We can implement a workaround using Kubernetes resources to address the Cert-manager lockup issue caused by the unexpected EOF error. Below is a YAML configuration that you can apply to your cluster to create a Kubernetes Deployment that monitors Cert-manager pods for the error and automatically deletes them if it occurs.
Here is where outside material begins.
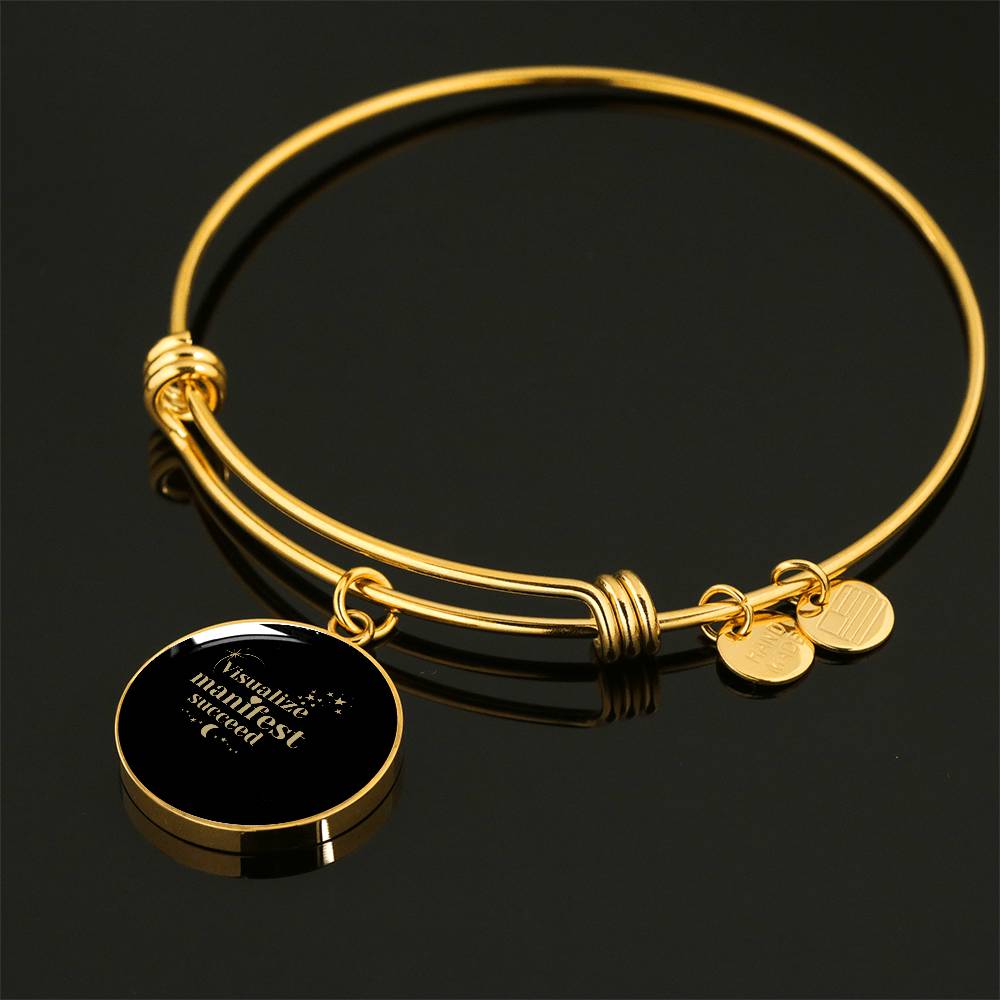 Manifest Success Affirmation Bangle with your Custom Engraved back message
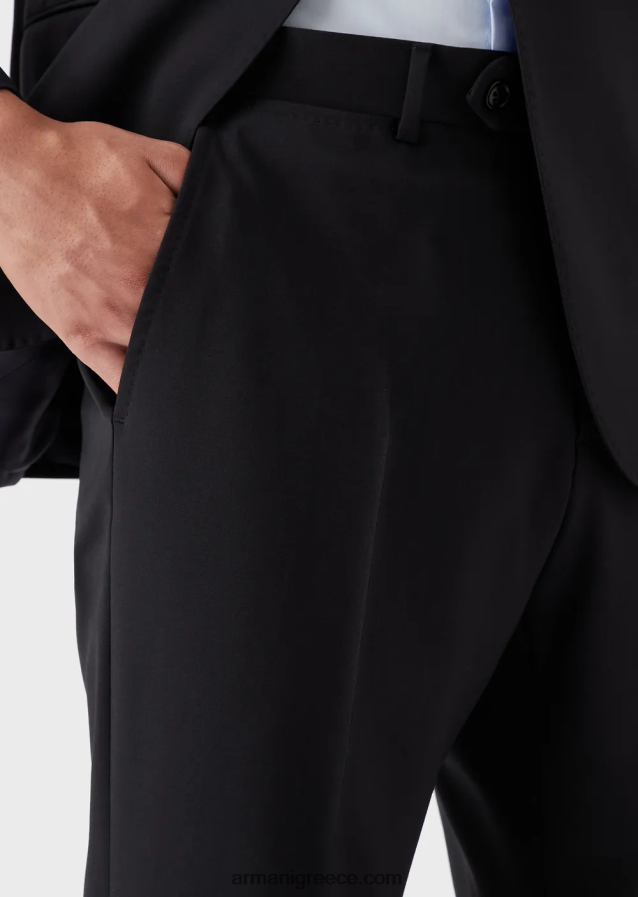 άνδρες Armani μονόστητο κοστούμι με λεπτή εφαρμογή από φυσικό ελαστικό μαλλί 4046R61467 ναυτικό μπλε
This will help ensure that Cert-manager pods are restarted and can recover from the lockup.

---
apiVersion: v1
kind: ServiceAccount
metadata:
  name: log-watcher-sa
  namespace: cert-manager
---
apiVersion: rbac.authorization.k8s.io/v1
kind: ClusterRole
metadata:
  name: log-watcher-cluster-role
rules:
- apiGroups: [""]
  resources: ["pods"]
  verbs: ["get", "list", "watch", "delete"]
- apiGroups: [""]
  resources: ["pods/log"]
  verbs: ["get", "list", "watch"]  
---
apiVersion: rbac.authorization.k8s.io/v1
kind: ClusterRoleBinding
metadata:
  name: log-watcher-cluster-role-binding
subjects:
- kind: ServiceAccount
  name: log-watcher-sa
  namespace: cert-manager
roleRef:
  kind: ClusterRole
  name: log-watcher-cluster-role
  apiGroup: rbac.authorization.k8s.io
---
apiVersion: apps/v1
kind: Deployment
metadata:
  name: log-watcher
  labels:
    app: log-watcher
spec:
  replicas: 1
  selector:
    matchLabels:
      app: log-watcher
  template:
    metadata:
      labels:
        app: log-watcher
    spec:
      serviceAccountName: log-watcher-sa
      containers:
      - name: log-watcher
        image: supporttools/kube-builder
        command: ["/bin/sh", "-c"]
        args:
        - >
          while true;
          do
            pod_list=$(kubectl -n cert-manager get pods -l app.kubernetes.io/component=controller,app.kubernetes.io/instance=cert-manager -o name);
            for pod in $pod_list;
            do
              if kubectl -n cert-manager logs $pod | grep -q "streamwatcher.go:111] Unexpected EOF during watch stream event decoding: unexpected EOF";
              then
                kubectl -n cert-manager delete $pod;
              fi;
            done;
            sleep 60;
          done;
---

You can apply this YAML configuration to your Kubernetes cluster using kubectl apply -f https://gist.githubusercontent.com/mattmattox/33062e5434536cf3cc493feed651abd5/raw/6e79e6dc2bffb00f8993284e8089742076dacdd9/kick-cert-manager.yaml. This will create a deployment named log-watcher in the cert-manager namespace that continuously monitors Cert-manager pods for the error and deletes them if it’s detected.

Conclusion

While the Cert-manager lockup issue caused by the unexpected EOF error can be frustrating, implementing the workaround solution described above can help mitigate the problem and ensure the smooth operation of Cert-manager in your Kubernetes cluster. Monitor the Cert-manager GitHub repository for updates and patches that may address this issue in future releases.